YOUR TASK: The first line of the entries and each line after it, through the one that contains "Long Onion Skin Satin Evening Dress ABU2750", are to be duplicated exactly; no picture belongs in the copy.

MATERIAL SHOWN:
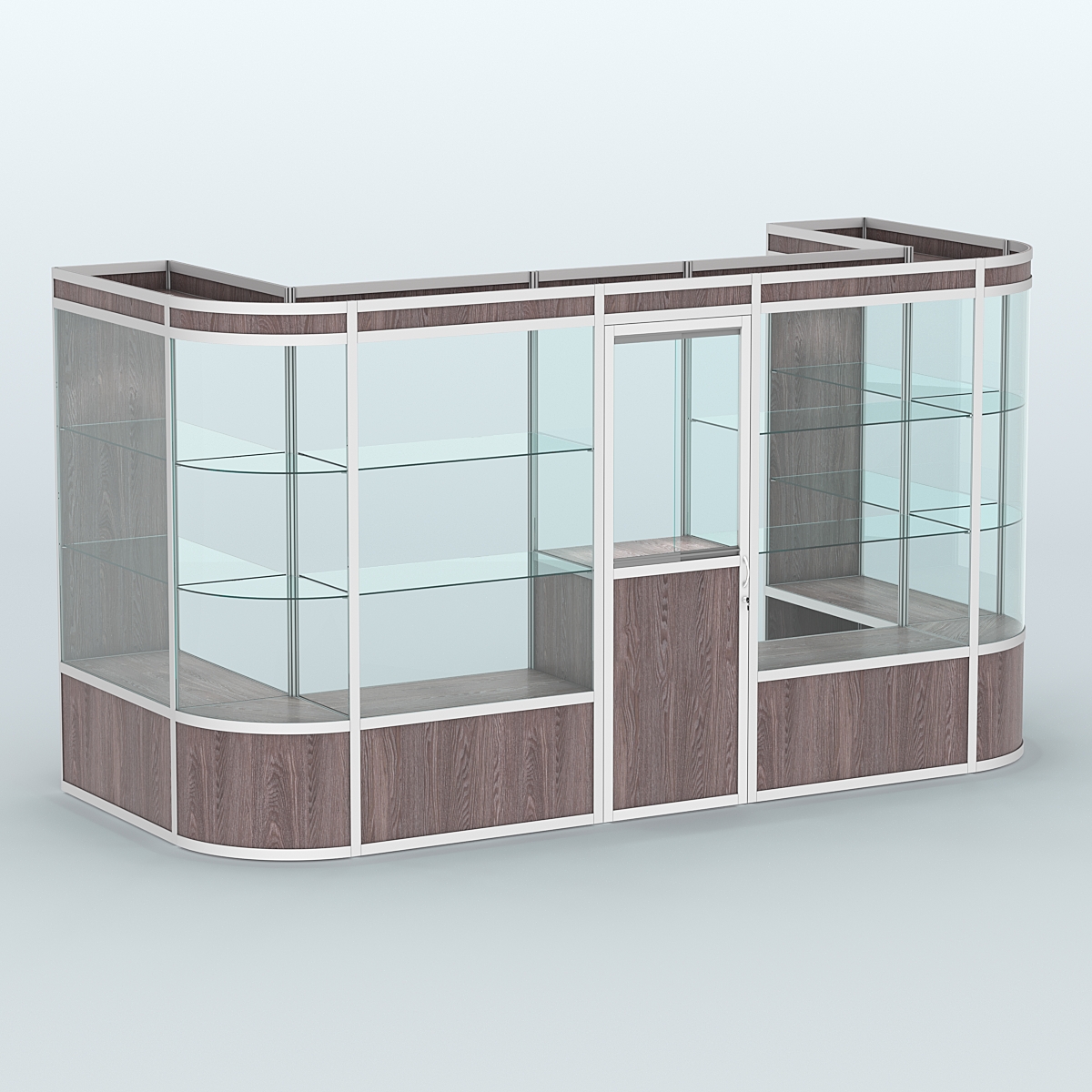 Павильон из профиля пристенный №11а (5,50 кв. м) Ясень Анкор темный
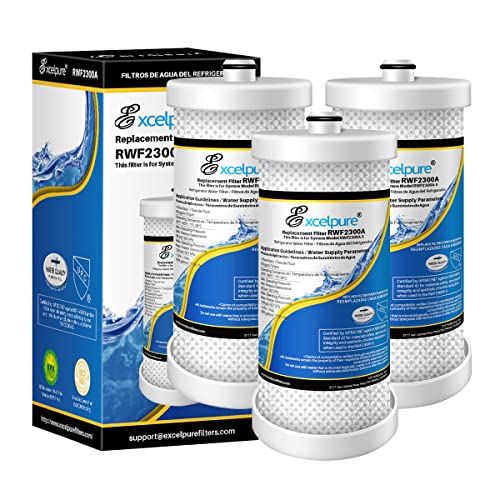 Image of EXCELPURE RWF2300A Refrigerator water filter Replacement For Frigidaire PureSource WF1CB,WFCB, RG100, NGRG2000, WF284, Kenmore 9910, 469906, 469910,3PACK
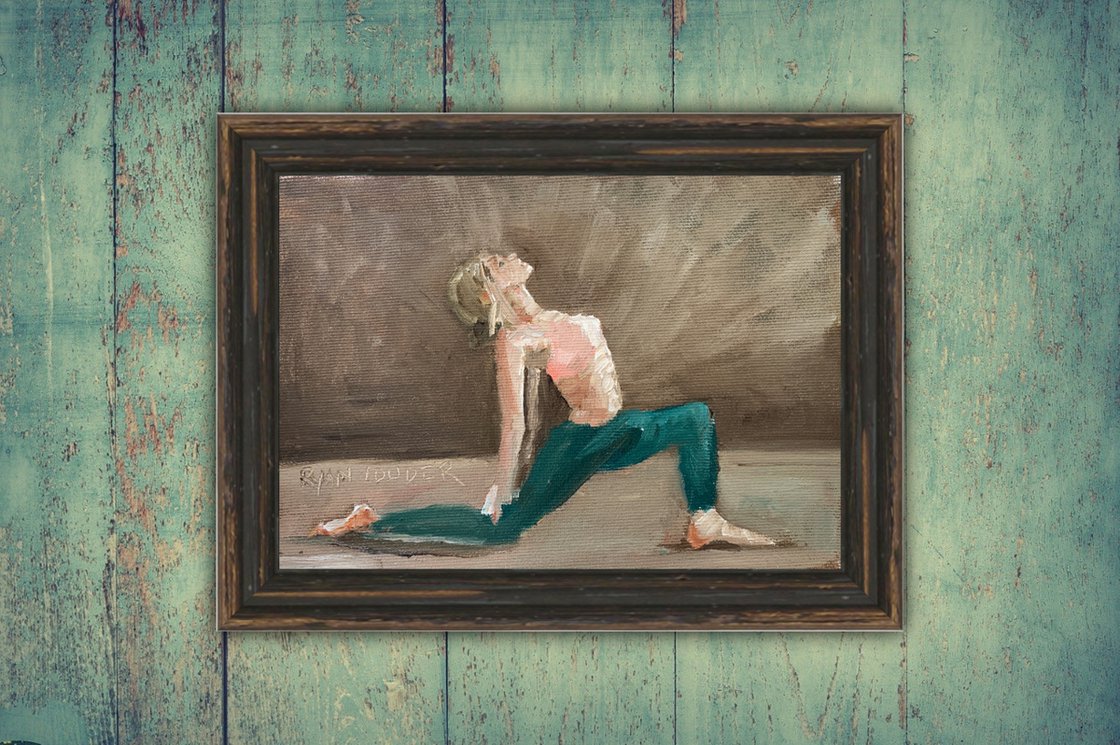Yoga by Ryan Louder - Sold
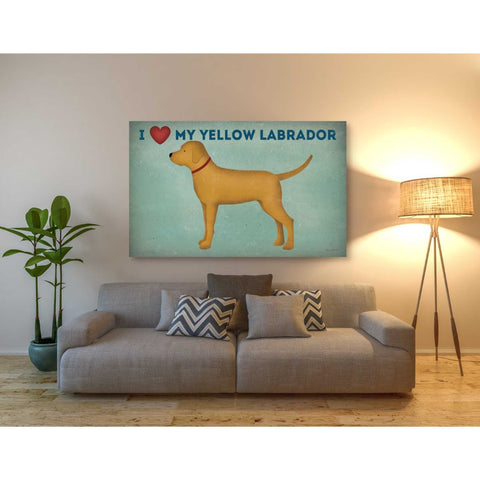 Image of 'Golden Dog Love I' by Ryan Fowler, Canvas Wall Art,40 x 60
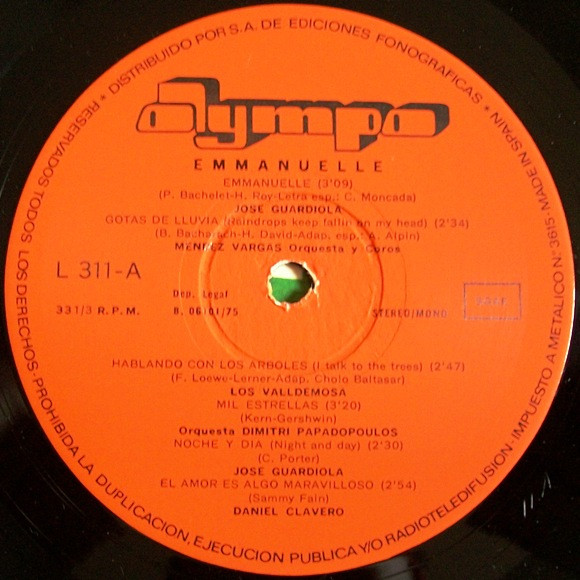 Various - Emmanuelle | Olympo (L-311) - 3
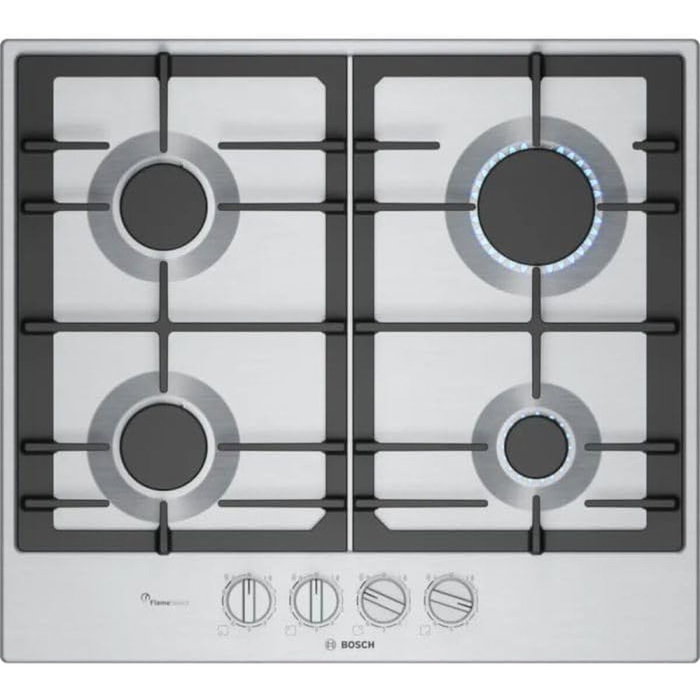 Bosch Table de cuisson à gaz Série 6 PCP6A5I90, 4 foyers, Inox Bosch Table de cuisson à gaz Série 6 PCP6A5I90, 4 foyers, Inox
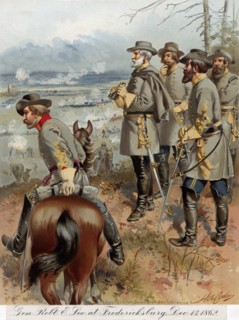 General Robert E. Lee at Fredericksburg, Dec. 13, 1862, Henry Alexander Ogden, Artist, Jones Brothers Publishing Company, 1900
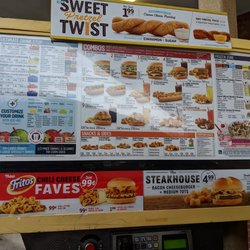 Menu at driver side window with speaker. Be warned, most stuff on here is out and the prices may or may not be accurate.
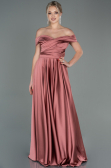 Long Onion Skin Satin Evening Dress ABU2750
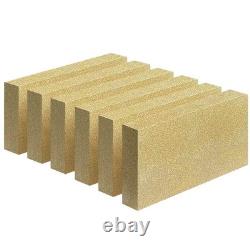 High-Temperature Insulated Fire Bricks for Wood Stoves & Fireplaces, 9x4.5x1.2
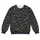 Antique Gold Wildflower Vines on Midnight Navy for Relaxed Everyday Botanical Style All-over Print Knitted Sweater - 4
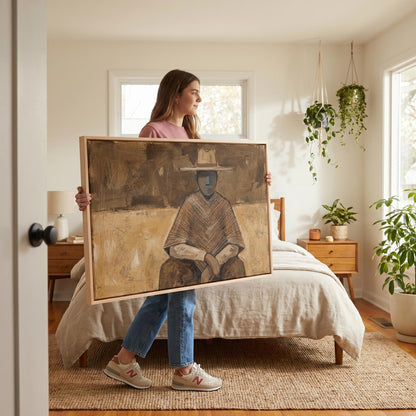 Seated Figure Canvas Wall Art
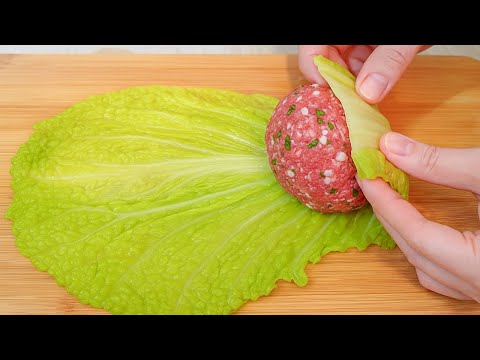 Better Than Cabbage Rolls!🤫 An Unusual Napa Cabbage Recipe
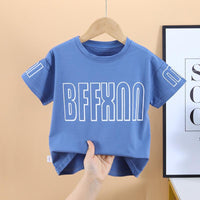 Toddler Boy Letter Print T-Shirt - PrettyKid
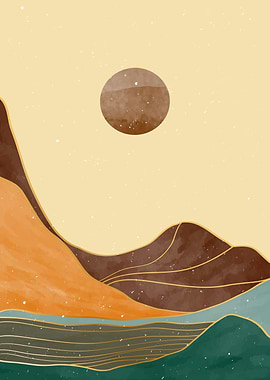 Abstract Mountain art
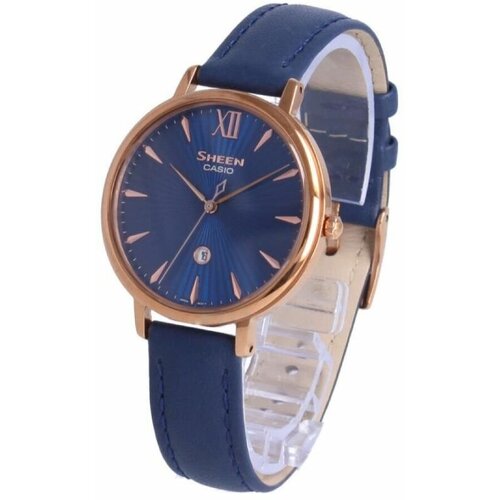 фото Наручные часы casio sheen, синий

SOLUTION FOR THIS PROBLEM:
 Павильон из профиля пристенный №11а (5,50 кв. м) Ясень Анкор темный
 Image of EXCELPURE RWF2300A Refrigerator water filter Replacement For Frigidaire PureSource WF1CB,WFCB, RG100, NGRG2000, WF284, Kenmore 9910, 469906, 469910,3PACK
Yoga by Ryan Louder - Sold
 Image of 'Golden Dog Love I' by Ryan Fowler, Canvas Wall Art,40 x 60
 Various - Emmanuelle | Olympo (L-311) - 3
 Bosch Table de cuisson à gaz Série 6 PCP6A5I90, 4 foyers, Inox Bosch Table de cuisson à gaz Série 6 PCP6A5I90, 4 foyers, Inox
 General Robert E. Lee at Fredericksburg, Dec. 13, 1862, Henry Alexander Ogden, Artist, Jones Brothers Publishing Company, 1900
 Menu at driver side window with speaker. Be warned, most stuff on here is out and the prices may or may not be accurate.
 Long Onion Skin Satin Evening Dress ABU2750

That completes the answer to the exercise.